PatentsView Project Disambiguation Algorithms
PatentsView uses a series of algorithms and post-processing techniques to track the patenting activity of inventors and assignees over time. The disambiguation process is a value-added service applied to the U.S. Patent and Trademark Office’s (USPTO’s) raw, publicly available data on granted patents from 1976 to the present, the data are updated quarterly. The process provides unique identifiers for patent inventors, assignees, and locations. The disambiguation methodology is constantly evaluated and updated to incorporate recent developments emerging from computer and information sciences as well as reported issues from patent data users.
Objectives of Disambiguation
USPTO does not track inventors and assignees over time. Inventors and assignees apply for a patent as a singular event. It is not required to keep a consistent format for how they input their name, their co-inventors’ names, the assignee(s), or even the locations that they or their assignees are associated with. This results in a plethora of data inconsistencies—typos, use of short names or nicknames, and use of acronyms, to name a few.
Businesses, for example, like IBM, could show up as either International Business Machines, IBM, or sometimes even IMB.
John Smith, as an individual, could be mentioned as either J. Smith, Johnny Smith, or John Smit.
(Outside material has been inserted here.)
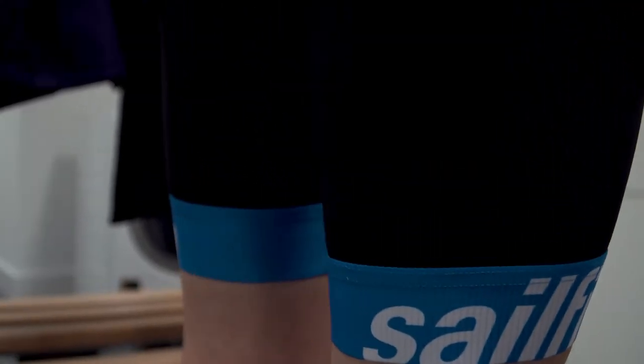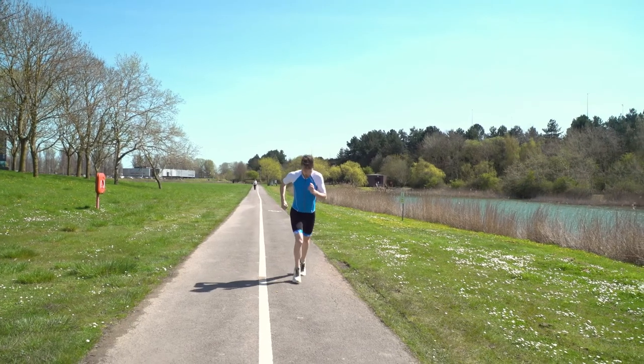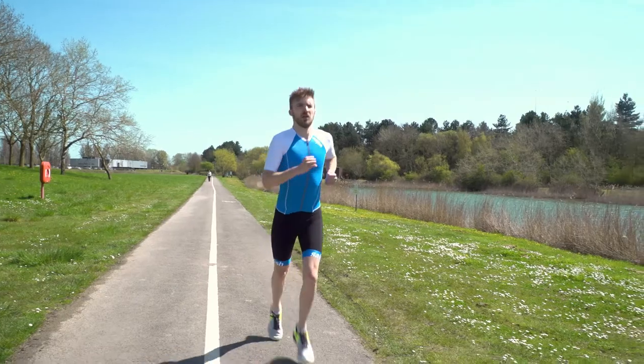Whilst in the lower part of the suit you have Lycra Sport Energy Technology which ensures a firm hold of all the key muscle groups and a perfect fit to push your body, making sure it's performing at its best.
Therefore, to associate the same inventor or assignee with more than one patent it is necessary to cluster like entities together. The current disambiguation algorithm was created and integrated in 2015 by a University of Massachusetts Amherst team, Nicholas Monath and Andrew McCallum, as a result of a workshop hosted by USPTO, PatentsView’s Inventor Disambiguation Technical Workshop. The workshop focused on developing new approaches to inventor disambiguation.
Four-Step Disambiguation Process Overview
The PatentsView disambiguation process is split into four separate steps. These four steps include:
The first step in the process is “canopies” that contain mentions that are likely to refer to the same entity. The purpose of this step is to lower the total number of comparisons required in later steps, which lowers the amount of time and/or computing power needed.
The next step is to calculate similarity scores for the mentions in each canopy. Three different similarity models are used, one each for assignees, inventors, and locations. Scores produced in this step are used in the clustering algorithm in the next step.
After computing similarity scores, a clustering algorithm is used to create clusters from mentions with scores above a predefined threshold. This threshold was determined by testing different values and comparing the desirability of the results. The clusters produced in this step represent the final sets of mentions that the algorithm believes refer to the same entity.
After clustering, the results must be evaluated to compare against other clustering algorithms. These can either be past algorithms that are being improved on or future algorithms improving on the current one. Three metrics are used for evaluation: precision, recall, and F1. These metrics are explained in detail on the evaluation page.
The disambiguation process methods documentation is here: Disambiguation Methods.
PatentsView Project Source Code
The source code for the PatentsView project can be found in the GitHub repository.
1The disambiguation process operates on a set of “mentions.” Mentions are defined as the separate occurrences of a name, location, or other text fields of interest that are observed in the raw patent data. In the John Smith example above, there are three additional “mentions,” each different variation of John Smith.